Now the blog has a new name, but the same old blog address, and I've included my favourite quote of all time concerning clutter and possessions - You can't have everything. Where would you put it? (Steven Wright).
There are lots of lovely blogs out there that are like organisational porn! The gorgeous images on IHeart Organising are enough to make anyone want to at least tidy up a bit, and shove the kids' toys in a cupboard!
But my own philosophy is that before I buy shiny new boxes and baskets for all our stuff, I need to get rid of the dross. Otherwise I still have too much stuff, it just looks neat. Neat and organised are not the same thing. I need to sort and declutter my instructions and guarantees before I neatly file them. What is the use of a beautiful file of instruction leaflets if it includes details of a toaster that died three years ago, and the guarantee for the trampoline when your youngest is off to university?

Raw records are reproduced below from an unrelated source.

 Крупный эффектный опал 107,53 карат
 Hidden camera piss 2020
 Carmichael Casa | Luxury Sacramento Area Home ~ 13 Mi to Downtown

Over the years I have formulated some of my own guidelines for dealing with clutter and 'stuff', so I am going to share them here.
|Baby shoes. Aww!|
* There is room for sentiment. I am not a ruthless chucker-outer who lives in a big empty white space. I still have my elder son's first ever little shoes. They are small, and impossibly cute, and I can't get rid of them.
* Despite what I said above about sentiment (contradicting myself already!), this doesn't mean that absolutely everything that comes into the house has to be kept. As the quote says, 'you can't have everything'. I see decluttering as making space - yes for new stuff, obviously, but also for new experiences and new ideas. Keep small mementos of the past, but not everything, so you're constantly reminded of it - you live in the here and now, give it room!

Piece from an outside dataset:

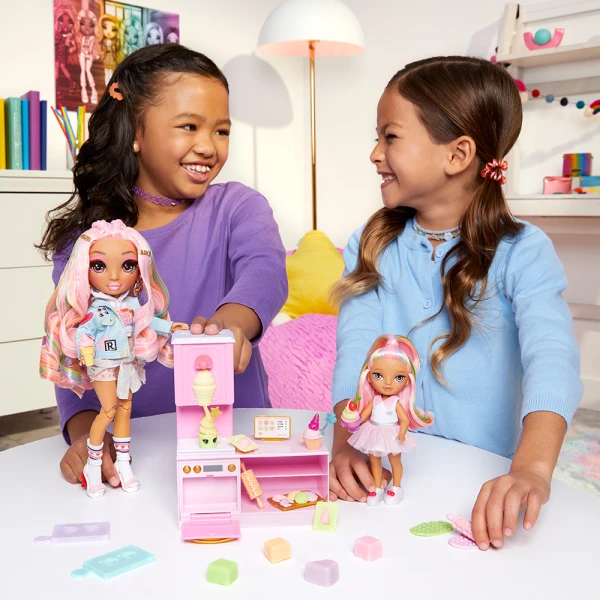 RAINBOW HIGH LITTLE DESSERT SHOP WITH KANDY DOLL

* Start small. Particularly if it's overwhelming. A drawer, a shelf. When you've done it, sit back and look at it. And if you feel up to it, do another drawer. Or shelf.
* It'll look worse before it looks better. This is particularly true of decluttering wardrobes and cupboards. The only way to do it is to get it all out. Yes, all of it. Then sort it all out into piles - to sell, to keep, to donate, to throw away. Clean out the cupboard, and only put back what you're keeping. Admire. Then turn around and there are the other three piles, looking at you! Dealing with them is part of it - bag up the stuff for the charity shop. Allocate a space to keep all the things you want to list on Ebay, Gumtree or Freecycle. Ditch the rubbish.
* I like to recycle as much as possible. Selling or donating is great for this. Bras can be sent to the Bra Appeal, and high street opticians often collect glasses for Vision Aid Overseas.
* Know that decluttering is like painting the Forth Bridge. You have to keep doing it. Every day more and more stuff arrives in our houses. And we live in a time of abundance. I heard a statistic the other day that we now have 30% more possessions than a generation ago! I don't think our houses are any bigger, so we need to keep control, or we'll drown in stuff!
* I always find things that I can't identify. Particularly when the boys were small - little random pieces of plastic that looked useless but could be something vital belonging to a toy. I found a few more the other day, and the only toys my boys have now are electronic. I look on it as part of the fun - and then I put whatever unidentifiable little object it is in a pot and if I don't need it a few months later, out it goes!
That's it for now - I'm planning to do more posts on my decluttering dilemmas and how I resolved them.